> [Task to complete] The answer is a single number: the count of lines below in which the word "Card" appears.
*** Opening Extracted information ***
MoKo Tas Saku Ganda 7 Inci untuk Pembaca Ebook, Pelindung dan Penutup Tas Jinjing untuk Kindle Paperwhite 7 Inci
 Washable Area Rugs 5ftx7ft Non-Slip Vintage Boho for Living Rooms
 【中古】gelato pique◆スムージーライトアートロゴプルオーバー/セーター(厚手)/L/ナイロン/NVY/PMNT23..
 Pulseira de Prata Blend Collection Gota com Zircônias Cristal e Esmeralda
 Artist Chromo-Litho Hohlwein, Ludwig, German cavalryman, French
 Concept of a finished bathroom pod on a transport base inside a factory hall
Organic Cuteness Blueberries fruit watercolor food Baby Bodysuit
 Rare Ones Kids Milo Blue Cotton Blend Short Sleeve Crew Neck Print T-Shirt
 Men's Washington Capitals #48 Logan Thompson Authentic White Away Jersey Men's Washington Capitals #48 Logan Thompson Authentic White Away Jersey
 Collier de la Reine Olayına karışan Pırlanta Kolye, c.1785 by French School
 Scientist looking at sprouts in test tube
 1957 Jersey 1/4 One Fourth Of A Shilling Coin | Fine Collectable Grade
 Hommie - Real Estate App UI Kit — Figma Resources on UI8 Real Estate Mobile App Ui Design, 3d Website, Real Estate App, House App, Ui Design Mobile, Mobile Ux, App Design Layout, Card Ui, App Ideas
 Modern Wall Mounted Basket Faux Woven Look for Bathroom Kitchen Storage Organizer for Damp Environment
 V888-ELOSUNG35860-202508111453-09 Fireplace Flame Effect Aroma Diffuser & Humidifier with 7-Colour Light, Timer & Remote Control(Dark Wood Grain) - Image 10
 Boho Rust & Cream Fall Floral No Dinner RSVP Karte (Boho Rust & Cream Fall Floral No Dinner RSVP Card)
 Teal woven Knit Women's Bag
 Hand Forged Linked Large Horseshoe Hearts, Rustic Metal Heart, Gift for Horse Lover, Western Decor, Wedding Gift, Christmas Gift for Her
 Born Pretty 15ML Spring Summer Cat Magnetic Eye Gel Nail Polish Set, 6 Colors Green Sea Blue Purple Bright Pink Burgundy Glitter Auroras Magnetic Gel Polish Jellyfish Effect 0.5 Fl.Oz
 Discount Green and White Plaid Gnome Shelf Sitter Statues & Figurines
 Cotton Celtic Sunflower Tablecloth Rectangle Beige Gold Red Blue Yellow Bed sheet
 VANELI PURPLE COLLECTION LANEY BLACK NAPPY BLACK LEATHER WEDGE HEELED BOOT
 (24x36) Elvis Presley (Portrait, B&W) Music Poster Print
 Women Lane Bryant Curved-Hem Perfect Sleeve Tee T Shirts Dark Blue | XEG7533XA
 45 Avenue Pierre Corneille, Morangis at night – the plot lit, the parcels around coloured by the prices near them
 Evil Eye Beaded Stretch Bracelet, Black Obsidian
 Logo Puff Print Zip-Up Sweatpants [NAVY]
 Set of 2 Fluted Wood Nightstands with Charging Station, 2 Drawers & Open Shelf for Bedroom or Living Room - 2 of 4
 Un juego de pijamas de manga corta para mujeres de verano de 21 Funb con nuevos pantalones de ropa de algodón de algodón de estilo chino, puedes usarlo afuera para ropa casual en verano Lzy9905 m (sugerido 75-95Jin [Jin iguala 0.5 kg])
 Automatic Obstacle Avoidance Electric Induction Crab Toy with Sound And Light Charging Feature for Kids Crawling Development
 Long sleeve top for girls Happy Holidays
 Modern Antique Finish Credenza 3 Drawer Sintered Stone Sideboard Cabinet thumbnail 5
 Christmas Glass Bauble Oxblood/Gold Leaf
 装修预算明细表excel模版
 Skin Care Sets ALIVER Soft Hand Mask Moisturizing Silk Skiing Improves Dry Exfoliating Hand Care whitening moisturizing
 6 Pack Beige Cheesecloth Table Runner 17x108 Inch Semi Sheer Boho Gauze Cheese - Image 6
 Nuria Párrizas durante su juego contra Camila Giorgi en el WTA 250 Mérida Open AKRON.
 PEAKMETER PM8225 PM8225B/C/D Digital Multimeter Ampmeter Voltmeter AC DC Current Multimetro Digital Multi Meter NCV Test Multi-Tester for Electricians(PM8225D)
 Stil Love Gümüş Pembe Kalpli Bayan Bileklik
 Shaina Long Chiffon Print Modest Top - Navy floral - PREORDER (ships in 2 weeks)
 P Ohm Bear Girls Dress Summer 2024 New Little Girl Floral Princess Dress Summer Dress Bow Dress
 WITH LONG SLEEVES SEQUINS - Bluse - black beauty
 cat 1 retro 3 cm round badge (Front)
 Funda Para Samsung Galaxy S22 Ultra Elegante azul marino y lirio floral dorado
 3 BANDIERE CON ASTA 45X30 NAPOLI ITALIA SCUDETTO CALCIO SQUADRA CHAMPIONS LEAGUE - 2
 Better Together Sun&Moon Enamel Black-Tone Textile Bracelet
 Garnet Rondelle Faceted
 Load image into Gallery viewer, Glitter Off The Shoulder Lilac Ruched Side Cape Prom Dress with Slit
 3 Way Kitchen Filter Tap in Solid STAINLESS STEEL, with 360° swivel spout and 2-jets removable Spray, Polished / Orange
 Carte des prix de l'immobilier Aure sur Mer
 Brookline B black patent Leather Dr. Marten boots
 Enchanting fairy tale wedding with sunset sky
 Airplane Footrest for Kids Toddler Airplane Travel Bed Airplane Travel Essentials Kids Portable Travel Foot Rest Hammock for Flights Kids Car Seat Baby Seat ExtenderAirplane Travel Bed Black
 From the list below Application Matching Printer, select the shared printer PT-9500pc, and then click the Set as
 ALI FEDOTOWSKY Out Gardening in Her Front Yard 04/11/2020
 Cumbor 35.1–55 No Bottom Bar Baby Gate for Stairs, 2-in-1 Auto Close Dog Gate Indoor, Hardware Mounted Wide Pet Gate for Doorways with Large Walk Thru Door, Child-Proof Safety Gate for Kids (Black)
*** Closing Extracted information ***
> [Problem solution] 2